Around two weeks ago, I collected thirty-page manuscripts from students in my college’s capstone creative writing course, Portfolio Development.
The work appeared– as I required– in enormous binders, which involved creative variation on three-hole punching or plastic sleeves, and the final versions were contextualized by drafts, supplemented by artist statements or query letters and their drafts, and multiple copies with the comments of their classmates.
Probably most people reading this blog post would consider me insane. Why not have students do all of this online, comments and drafts included? They’d say, “It would save trees.” I’d counter with graveyards of obsolete computers in Third World landfills. They’d say, “It would be more efficient.” I’d counter with plenty of stories about files that don’t load or get erased entirely.
All of that aside, here’s the truth of the matter. I’m just odd, old-fashioned, and analog. But I was assigned to teach a course about “the writing life” which, to my mind, involves not only writing, but a good deal of reading, as well as research on a publishing landscape which is changing in directions I find terrifying.
I love my students.
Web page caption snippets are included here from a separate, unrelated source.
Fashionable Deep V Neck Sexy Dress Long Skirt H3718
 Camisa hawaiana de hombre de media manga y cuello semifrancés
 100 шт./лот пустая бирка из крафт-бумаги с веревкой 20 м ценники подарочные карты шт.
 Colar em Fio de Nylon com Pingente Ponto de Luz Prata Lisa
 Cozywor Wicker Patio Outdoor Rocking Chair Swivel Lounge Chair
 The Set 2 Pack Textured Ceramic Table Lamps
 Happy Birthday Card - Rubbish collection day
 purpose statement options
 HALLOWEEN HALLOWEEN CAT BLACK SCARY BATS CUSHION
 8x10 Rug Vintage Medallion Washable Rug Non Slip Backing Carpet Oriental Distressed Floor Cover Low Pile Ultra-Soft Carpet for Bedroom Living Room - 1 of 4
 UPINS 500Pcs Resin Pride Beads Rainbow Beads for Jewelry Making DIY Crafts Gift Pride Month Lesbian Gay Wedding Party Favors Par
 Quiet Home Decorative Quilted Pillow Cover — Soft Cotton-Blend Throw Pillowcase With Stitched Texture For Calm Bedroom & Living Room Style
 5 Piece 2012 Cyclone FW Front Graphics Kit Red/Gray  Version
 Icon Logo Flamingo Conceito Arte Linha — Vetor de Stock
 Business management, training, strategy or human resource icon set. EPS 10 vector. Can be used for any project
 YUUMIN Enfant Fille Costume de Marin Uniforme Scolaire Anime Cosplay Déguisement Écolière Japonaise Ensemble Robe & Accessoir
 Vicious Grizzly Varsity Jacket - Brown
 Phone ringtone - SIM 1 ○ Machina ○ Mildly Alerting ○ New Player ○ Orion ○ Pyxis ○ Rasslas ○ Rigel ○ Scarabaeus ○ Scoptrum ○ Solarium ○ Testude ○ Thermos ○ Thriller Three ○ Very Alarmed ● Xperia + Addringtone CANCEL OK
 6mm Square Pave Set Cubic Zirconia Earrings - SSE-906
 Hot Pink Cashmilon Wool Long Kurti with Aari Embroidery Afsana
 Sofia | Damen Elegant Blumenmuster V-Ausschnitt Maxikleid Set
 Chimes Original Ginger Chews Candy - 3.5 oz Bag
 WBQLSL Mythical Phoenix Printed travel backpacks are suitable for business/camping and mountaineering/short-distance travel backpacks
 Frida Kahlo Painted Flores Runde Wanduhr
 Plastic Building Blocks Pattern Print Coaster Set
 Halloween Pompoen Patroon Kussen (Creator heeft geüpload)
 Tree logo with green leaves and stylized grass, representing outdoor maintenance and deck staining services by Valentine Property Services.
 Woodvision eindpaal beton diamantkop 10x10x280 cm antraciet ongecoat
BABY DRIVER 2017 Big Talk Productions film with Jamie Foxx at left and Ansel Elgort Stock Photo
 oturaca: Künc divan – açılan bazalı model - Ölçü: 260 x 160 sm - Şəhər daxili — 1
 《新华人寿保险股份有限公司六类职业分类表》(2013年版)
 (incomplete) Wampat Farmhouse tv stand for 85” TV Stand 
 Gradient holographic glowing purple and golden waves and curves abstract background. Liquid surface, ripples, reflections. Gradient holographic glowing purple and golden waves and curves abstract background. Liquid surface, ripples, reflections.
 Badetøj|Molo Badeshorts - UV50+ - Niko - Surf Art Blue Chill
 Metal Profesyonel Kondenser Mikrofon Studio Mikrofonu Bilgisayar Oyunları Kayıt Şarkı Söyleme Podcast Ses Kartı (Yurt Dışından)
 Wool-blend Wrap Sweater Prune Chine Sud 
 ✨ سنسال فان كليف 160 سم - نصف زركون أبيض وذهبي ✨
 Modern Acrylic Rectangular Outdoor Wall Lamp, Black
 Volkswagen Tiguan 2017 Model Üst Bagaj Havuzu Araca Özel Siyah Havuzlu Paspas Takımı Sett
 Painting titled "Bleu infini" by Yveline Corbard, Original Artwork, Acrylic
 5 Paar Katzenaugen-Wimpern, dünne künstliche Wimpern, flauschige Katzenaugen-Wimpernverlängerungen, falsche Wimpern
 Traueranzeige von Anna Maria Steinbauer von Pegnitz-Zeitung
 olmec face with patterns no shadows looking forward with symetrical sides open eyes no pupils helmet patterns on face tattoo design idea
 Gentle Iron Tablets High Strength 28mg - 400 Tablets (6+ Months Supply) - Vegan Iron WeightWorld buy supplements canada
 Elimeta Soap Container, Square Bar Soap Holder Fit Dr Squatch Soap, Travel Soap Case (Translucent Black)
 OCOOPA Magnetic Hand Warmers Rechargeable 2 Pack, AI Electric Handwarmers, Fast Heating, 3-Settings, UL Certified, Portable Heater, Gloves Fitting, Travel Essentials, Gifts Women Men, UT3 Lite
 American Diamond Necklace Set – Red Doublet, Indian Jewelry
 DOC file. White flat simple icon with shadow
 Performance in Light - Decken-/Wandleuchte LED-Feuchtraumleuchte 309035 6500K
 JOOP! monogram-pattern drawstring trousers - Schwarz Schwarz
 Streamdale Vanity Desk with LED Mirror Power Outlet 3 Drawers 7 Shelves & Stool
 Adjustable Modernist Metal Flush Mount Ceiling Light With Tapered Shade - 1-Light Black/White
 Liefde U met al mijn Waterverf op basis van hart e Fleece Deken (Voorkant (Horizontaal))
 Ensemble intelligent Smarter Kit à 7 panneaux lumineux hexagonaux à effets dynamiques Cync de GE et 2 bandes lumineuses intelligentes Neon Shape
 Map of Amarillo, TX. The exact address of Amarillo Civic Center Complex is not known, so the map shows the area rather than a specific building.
Most of them knew each other from former creative writing classes, and they reminded me of a basket full of happy puppies, climbing all over each other, showing up long before class began, sharing pictures on their smartphones, talking about who-knows-what, maybe something literary.
So…I started coming early too. And they stopped talking. Mostly. I might have imagined it. In any event, I would putter around awkwardly with my big stacks of analog debris, and try not to get in the way.
Is it a good thing when your students love each other more than they love you?
At some point, I understood that for most of these students, their concerns were not my concerns. Their hopes were not my hopes. And most of all, their fears were not my fears. My boycott of Amazon was something of a running joke. For many of them, self-publishing was not only a viable option, but preferable to wrangling with a corporation which would essentially own their work. They are optimistic where I’m cranky. More to the point, they are open where I’m closed.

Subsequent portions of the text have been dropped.